# How to conf



## dsbs (Mar 14, 2012)

First offer you my heartfelt thanks on the operating system wonderful FreeBSD. What are the keyboard shortcuts by which I can move to add a new line?







===============================================================

Second, what are the keyboard shortcuts or keys by which to move pointer to the write end of the page to write wq.


----------



## phoenix (Mar 14, 2012)

Read the man page:  vi(1)

Look for "insert mode" (aka, the letter *i*) and escaping to "control mode" (aka *ESC*).

Better yet, forget vi exists, and just use ee(1).    You'll be better off for it.  vi needs to die.


----------



## fonz (Mar 14, 2012)

phoenix said:
			
		

> vi needs to die.


Don't hold your breath...


----------



## _martin (Mar 14, 2012)

fonz said:
			
		

> Don't hold your breath...



+1 for that .. There's no better text editor than vi(m).

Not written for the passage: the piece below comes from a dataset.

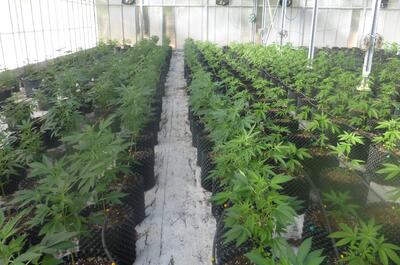 Comment fabriquer du hasch CBD ?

But not to start flame or st., @dsbs you can also use ":x" instead of ":wq". Also have a look at vi cheat sheet.


----------



## dsbs (Mar 14, 2012)

Gentlemen

phoenix, fonz, matoatlantis,

Thank you very much for your help and gratitude.



*[ Do NOT use fonts, colors, or font sizes on this forum! - http://forums.freebsd.org/showthread.php?t=18043 - Mod. ]*


----------



## UNIXgod (Mar 14, 2012)

If you install vim located at editors/vim-lite it should have a program called vimtutor. when you invoke it it will teach you enough vi to be useful to you.

As pheonix mentioned ee() is there for people just starting. It may be a good scaffold for you until you get your vi() bearings.

Good luck!


----------



## throAU (Mar 15, 2012)

phoenix said:
			
		

> Better yet, forget vi exists, and just use ee(1).    You'll be better off for it.  vi needs to die.



If you know how to use vi, it is extremely fast as you rarely need to leave the home row.  EMACS needs to die.


----------